Strangford Lough is a large sea lough or inlet in County Down, in the east of Northern Ireland. It is the largest inlet in Ireland and the wider British Isles, covering 150 km2. The lough is almost fully enclosed by the Ards Peninsula and is linked to the Irish Sea by a long narrow channel at its southeastern edge. The main body of the lough has at least seventy islands along with many islets (pladdies), bays, coves, headlands and mudflats. It is part of the Strangford and Lecale Area of Outstanding Natural Beauty. Strangford Lough was designated as Northern Ireland's first Marine Conservation Zone in 2013, and has been designated a Special Area of Conservation for its important wildlife.
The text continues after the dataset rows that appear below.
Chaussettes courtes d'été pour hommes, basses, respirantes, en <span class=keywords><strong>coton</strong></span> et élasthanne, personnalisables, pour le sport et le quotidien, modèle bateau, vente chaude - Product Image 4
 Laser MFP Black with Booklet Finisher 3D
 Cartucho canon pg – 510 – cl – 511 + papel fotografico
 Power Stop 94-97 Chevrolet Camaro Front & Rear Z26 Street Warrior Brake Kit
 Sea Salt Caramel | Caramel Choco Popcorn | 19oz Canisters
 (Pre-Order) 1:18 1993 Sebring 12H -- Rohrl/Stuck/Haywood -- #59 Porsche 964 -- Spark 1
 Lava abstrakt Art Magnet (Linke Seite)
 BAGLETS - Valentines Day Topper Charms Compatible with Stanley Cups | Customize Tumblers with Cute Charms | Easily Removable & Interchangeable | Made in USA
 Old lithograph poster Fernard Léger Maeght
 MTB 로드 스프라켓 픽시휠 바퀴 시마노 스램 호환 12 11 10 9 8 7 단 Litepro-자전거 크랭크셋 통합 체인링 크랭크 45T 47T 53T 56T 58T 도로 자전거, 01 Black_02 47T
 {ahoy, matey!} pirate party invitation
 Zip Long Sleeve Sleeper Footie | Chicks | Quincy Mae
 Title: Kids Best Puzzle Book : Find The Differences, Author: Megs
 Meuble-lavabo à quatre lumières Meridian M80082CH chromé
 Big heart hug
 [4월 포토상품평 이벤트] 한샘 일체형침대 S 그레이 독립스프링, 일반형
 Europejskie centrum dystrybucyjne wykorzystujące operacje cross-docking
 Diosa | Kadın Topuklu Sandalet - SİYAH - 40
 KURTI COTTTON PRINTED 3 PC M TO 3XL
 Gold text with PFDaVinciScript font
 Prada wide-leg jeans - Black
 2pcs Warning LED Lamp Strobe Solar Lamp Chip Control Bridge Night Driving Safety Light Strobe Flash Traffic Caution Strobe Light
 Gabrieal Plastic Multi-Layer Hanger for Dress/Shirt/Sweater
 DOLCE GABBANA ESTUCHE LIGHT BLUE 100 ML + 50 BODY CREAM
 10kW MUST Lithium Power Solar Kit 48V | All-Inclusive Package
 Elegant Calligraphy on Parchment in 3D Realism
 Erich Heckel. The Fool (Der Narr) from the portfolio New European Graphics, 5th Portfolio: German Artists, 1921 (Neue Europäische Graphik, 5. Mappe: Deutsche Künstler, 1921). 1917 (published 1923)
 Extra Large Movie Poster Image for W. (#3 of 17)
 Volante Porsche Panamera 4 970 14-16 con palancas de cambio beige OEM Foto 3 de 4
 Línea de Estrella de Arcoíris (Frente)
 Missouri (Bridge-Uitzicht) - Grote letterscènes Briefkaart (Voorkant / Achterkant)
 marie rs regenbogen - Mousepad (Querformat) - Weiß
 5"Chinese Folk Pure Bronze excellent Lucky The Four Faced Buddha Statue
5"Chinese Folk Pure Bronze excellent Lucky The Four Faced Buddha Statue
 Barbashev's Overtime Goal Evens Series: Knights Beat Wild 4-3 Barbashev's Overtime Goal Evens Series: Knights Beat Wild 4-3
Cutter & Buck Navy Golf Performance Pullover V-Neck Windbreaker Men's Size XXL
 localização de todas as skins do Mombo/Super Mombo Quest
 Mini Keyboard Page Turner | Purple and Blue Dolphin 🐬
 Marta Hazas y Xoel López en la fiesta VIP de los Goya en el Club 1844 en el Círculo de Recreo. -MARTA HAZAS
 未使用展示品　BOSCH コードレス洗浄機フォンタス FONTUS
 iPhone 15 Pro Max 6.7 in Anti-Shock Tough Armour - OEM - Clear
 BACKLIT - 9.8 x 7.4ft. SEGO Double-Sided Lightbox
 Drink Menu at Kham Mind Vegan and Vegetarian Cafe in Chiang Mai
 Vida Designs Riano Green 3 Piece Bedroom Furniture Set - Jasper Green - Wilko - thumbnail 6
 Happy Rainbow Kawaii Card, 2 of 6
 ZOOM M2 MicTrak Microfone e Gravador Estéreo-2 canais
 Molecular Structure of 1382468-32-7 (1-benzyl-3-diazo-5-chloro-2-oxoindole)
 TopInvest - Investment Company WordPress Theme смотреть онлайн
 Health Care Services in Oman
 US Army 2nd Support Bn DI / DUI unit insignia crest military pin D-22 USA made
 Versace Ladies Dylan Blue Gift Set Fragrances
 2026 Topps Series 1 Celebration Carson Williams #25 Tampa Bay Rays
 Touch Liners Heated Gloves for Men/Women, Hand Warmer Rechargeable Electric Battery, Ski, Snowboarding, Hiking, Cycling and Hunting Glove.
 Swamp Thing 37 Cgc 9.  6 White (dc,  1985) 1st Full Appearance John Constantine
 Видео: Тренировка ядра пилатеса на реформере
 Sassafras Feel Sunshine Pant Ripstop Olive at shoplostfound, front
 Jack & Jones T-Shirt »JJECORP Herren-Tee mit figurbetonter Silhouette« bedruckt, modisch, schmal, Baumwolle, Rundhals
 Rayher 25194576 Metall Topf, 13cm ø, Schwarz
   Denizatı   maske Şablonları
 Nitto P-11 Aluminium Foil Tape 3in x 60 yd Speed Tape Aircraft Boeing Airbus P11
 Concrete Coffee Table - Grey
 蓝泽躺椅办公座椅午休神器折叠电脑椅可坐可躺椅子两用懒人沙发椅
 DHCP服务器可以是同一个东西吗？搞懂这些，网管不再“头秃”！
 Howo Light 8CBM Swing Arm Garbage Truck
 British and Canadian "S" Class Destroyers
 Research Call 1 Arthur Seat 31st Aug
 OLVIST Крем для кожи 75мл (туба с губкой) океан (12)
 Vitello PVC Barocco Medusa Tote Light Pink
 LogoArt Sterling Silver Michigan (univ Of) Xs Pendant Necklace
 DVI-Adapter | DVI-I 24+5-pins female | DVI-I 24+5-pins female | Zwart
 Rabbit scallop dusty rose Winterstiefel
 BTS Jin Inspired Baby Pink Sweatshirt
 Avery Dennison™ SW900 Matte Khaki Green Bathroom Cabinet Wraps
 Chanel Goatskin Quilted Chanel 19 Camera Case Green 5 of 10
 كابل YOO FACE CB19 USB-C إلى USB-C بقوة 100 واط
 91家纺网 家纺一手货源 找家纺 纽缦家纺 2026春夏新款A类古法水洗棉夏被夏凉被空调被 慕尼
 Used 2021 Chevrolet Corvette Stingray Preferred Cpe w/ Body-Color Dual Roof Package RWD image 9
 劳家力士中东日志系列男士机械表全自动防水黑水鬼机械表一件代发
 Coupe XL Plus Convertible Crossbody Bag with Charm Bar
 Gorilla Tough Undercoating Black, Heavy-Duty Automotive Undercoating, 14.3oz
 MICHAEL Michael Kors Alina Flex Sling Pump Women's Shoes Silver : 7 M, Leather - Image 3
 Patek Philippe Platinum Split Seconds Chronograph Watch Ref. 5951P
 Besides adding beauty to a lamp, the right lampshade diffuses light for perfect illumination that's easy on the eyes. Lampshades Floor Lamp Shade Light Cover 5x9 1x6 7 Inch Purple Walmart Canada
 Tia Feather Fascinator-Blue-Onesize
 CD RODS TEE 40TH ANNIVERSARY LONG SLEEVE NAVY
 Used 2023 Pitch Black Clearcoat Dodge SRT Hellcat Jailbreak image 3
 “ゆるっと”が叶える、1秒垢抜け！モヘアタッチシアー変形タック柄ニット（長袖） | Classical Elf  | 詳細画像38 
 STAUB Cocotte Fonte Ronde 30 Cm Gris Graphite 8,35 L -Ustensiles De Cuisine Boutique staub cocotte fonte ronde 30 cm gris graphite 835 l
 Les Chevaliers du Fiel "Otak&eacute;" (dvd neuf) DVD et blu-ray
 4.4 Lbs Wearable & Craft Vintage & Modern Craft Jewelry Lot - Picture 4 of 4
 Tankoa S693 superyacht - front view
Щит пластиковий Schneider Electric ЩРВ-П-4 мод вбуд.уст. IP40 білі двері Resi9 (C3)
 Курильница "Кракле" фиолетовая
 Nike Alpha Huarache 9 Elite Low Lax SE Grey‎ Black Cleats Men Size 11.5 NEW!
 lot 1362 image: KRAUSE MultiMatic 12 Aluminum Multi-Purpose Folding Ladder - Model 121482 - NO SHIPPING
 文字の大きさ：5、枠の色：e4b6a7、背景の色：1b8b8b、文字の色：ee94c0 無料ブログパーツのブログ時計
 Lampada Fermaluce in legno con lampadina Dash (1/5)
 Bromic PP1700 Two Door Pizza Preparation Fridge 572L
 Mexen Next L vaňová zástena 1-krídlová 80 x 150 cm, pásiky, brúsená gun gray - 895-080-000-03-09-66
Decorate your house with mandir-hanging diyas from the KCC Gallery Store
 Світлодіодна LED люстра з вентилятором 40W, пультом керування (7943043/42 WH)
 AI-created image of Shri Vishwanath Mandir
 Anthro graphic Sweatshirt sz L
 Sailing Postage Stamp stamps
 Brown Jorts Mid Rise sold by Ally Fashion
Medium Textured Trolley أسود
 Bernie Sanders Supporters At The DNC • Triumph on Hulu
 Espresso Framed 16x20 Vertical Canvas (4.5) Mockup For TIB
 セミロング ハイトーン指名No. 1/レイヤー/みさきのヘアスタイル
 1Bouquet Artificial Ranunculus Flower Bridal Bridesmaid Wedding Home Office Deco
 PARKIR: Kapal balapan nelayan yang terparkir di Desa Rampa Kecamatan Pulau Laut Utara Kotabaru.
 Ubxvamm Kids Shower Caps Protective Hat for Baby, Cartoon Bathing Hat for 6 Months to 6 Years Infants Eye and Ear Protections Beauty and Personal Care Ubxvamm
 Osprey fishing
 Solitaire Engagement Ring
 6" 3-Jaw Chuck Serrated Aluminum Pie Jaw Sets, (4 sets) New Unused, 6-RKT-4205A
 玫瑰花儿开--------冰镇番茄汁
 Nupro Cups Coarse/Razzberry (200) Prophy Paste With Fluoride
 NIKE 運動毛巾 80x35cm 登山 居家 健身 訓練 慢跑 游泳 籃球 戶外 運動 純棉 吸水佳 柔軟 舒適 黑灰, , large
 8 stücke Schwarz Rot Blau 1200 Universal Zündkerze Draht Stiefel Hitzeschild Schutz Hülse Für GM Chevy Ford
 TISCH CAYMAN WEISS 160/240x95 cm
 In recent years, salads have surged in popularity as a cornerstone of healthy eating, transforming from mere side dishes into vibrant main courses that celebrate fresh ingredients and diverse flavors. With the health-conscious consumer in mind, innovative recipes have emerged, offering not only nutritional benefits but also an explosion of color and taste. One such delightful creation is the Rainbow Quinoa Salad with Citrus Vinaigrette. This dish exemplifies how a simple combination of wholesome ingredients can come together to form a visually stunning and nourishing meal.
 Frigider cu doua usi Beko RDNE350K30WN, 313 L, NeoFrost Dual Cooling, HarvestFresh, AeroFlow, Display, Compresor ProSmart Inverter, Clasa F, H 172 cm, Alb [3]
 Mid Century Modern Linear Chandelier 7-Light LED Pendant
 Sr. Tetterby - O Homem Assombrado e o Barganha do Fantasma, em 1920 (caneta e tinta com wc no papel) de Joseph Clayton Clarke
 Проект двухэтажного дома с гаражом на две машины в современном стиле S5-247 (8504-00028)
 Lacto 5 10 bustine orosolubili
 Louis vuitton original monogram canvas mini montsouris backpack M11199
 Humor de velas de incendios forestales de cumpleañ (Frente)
Strangford Lough is a popular tourist destination noted for its fishing and scenery. Towns and villages around the lough include Killyleagh, Comber, Newtownards, Portaferry and Strangford. The latter two straddle either shore of the narrow Strangford channel, and are connected by a car ferry.

==Name==
The name Strangford comes from the Old Norse Strangfjörthr, meaning 'strong fjord' or rather 'fjord of the strong current'. Originally it referred to the channel linking the lough to the sea, between the villages of Strangford and Portaferry, but it was extended to the lough as a whole from the 17th century onwards. The lough had previously been known as Lough Cone or Lough Coyne in English, from the Irish Loch Cuan ('lough of the harbours').

==Geology==
The lough was formed at the end of the last ice age and is generally under 10 m deep, but can reach 50 to 60 m in parts, generally the centre channel.

==Flora==
===Flowering plants===

Common cord-grass (Spartina anglica) C.E. Hubbard, introduced in the mid-1940s, is now abundant.

===Algae===
Maerl is a calcareous deposit, in the main, of two species, of calcareous algae Phymatolithon calcareum and Lithothamnion glaciale which form free-living beds of unattached, branched corallines, living or dead, in Strangford Lough.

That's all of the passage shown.